It began with a trading suspension. Continued the next year with the filing of an enforcement action. Persisted through a preliminary injunction. Now it has largely ended with the settlement of the CEO and CFO with the Commission. It’s the story of Spongetech Delivery Systems, Inc., its principals and attorneys and a huge pump and dump manipulation. SEC v. Spongetech Delivery Systems, Inc., Civil Action No. 10-cv-2031 (E.D.N.Y. Filed May 5, 2010).

Beginning in 1999 Spongetech sold a single product, a pre-soaped sponge. Sales were lackluster. By early 2007 CEO Michael Metter and CFO Steven Moskowitz, along with the company began telling the public about new customers, new sales orders and new revenue Spongetech. The stock price climbed. The tales of new customers and revenues were repeated in filings made with the Commission. The claims were false, according to the complaint.

Stock promoter George Speranza helped boost the climbing stock price with internet websites and virtual office space for the fictitious customers with whom the company claimed to do business. As the stock price increased Messrs. Metter and Moskowitz began distributing 2.5 billion Spongetech shares through affiliate RM Enterprises Inc. and others. The shares were not registered. Attorneys Pensley and Halperin, both named as defendants, facilitated the process with false opinions given to the transfer agent. The restrictive legends were removed from the shares

Illicit profits from stock sales were plowed back into the operation of the scheme, according to the complaint. Messrs. Metter and Moskowitz advertised the company with professional sports teams. Deals were made with teams in Major League Baseball, the National Football League, the National Basketball Association, the National Hockey league and the United States Tennis Association.

By October 2009 Spongetech was delinquent in its periodic filings. There were questions about the reliability of the available financial information. The Commission suspended trading in the shares of the company. See Exchange Act Release No. 60788 (Oct. 5, 2009).

Seven months later the SEC filed a civil injunctive action against the company, its principals, affiliate company and former attorneys. The complaint alleged violations of Securities Act Sections 5(a), 5(c) and 17(a) and Exchange Act Sections 10(b), 13(a), 13(b)(2)(A), 13(b)(2)(B) and 15(d). At about the same time the U.S. Attorney’s Office for the Eastern District of New York brought criminal charges against Messrs. Moskowitz and Metter.

By July 2010 the company filed for bankruptcy. The next year the Court granted the Commission’s motion for a preliminary injunction against six defendants. Asset freezes against Messrs. Metter and Moskowitz and RM Enterprises were entered.
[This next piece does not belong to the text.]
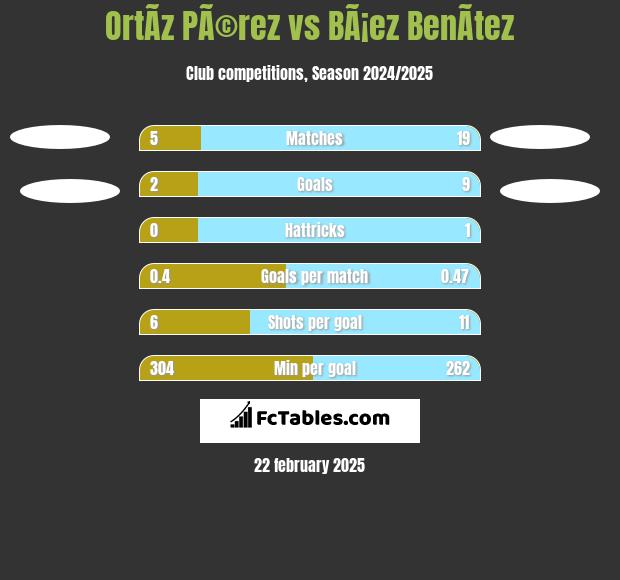 OrtÃ­z PÃ©rez vs BÃ¡ez BenÃ­tez h2h player stats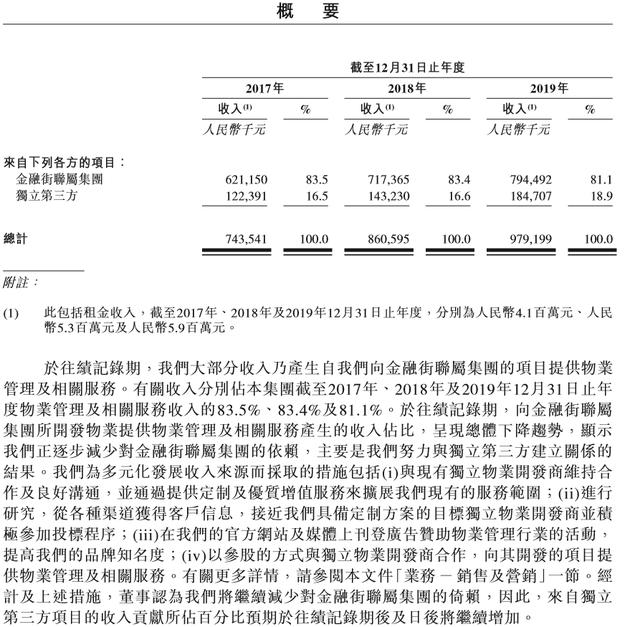 金融街物业超146倍认购 增速低于行业依赖母公司前景何如？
Now defendants Metter Moskowitz have settled with the Commission. Each consented to the entry of a permanent injunction. Under the orders entered by the Court each man will also be barred from serving as an officer or director of a public company and from engaging in any penny stock offering. The Court will determine the amount of the disgorgement and penalty to be paid by each defendant at a later date. In the parallel criminal case Mr. Moskowitz pleaded guilty to securities fraud. Charges are pending against Mr. Metter. See also Lit. Rel. No. 22586 (Jan. 4, 2013).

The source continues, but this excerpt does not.